Archive. C’est un nouvelliste de la défaite, un looser rimailleur, un gringalet qui s’aimerait costaud et beau. Qui funambule des mots, vous balance des tranches de vie, des fables et des fantaisies. Qui vous convie dans son univers, finalement proche du nôtre, tout banal, tristounet, frustrant qu’il est. Lui le prend sur un ton désinvolte, léger et guilleret. Qu’elles soient vécues par des femmes (Louise, Élisabeth, Irène…) ou par le truchement d’une foule d’animaux (blatte et papillons, lion et maudit canasson…), ses histoires, condensés de vie, semblent sorties de boîtes à musique scandées à souhait, mécaniques. Sauf l’émotion.

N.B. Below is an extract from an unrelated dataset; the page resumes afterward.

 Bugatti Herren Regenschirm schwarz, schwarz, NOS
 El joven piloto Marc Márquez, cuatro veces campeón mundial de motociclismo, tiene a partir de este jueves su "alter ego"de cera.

La scène fait non cabaret mais cave, abri qui évoque Kusturica, ses gitans et son Underground. Des chapeaux en suspension, habiles habillages de lumières, éclairent les musiciens, un par un. Des tapis au sol, de ceux qu’on a chez soi. Fatras d’instruments qui les touchent les uns les autres. Orchestre aux rom accents. Plaisir d’offrir, joie de recevoir. Et Thomas Fersen, en pitre qui, même s’il ne nous chante que la face pitoyable des choses, n’envoie que du bonheur. Celui qu’on mesure d’être là, en sa présence, dans une salle pleine mais à la configuration intime. Avec cet artiste d’un charisme étonnant, une sorte de Grand Duduche qui nous conterait ses mésaventures autant que ses rêves, ses souvenirs de caserne, les amours sublimés et contre-nature d’un parapluie et d’une chauve-souris, le monsieur assassin dont il est domestique… Et les lèvres de Louise… Et le public d’aimer qui renvoie à l’artiste son ravissement. « Si c’est pas l’amour / Ce sont les alentours » dirait Fersen. On saute avec lui d’une chanson l’autre, comme un cabri fou, s’enivrant de lui, buvant ses mots légers comme sa bière de Bohème.
Deux heures pleines et plus encore à regarder avec Fersen les clichés de son photographique univers, entre la tendresse d’un Doisneau et l’audace d’un Mondino. Entre exhibitionnisme et pudeur, mise en spectacle et pure retenue, ces deux faces que nous chante ce frêle jeune homme au régal sans pareil. Et le tendre public, à son tour, de se mettre à l’unisson, de l’appeler sa Colombe, son p’tit Lu… Fersen s’est donné entièrement ; la salle s’est offerte à lui en retour. La scène était en crue : on s’y noyait d’un rare bonheur.